### The task
Reproduce the whole of the data exactly.

### Source data
--
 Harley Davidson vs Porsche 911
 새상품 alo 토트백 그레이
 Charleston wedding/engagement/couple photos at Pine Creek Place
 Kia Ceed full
--
### Completed task
 Harley Davidson vs Porsche 911
 새상품 alo 토트백 그레이
 Charleston wedding/engagement/couple photos at Pine Creek Place
 Kia Ceed full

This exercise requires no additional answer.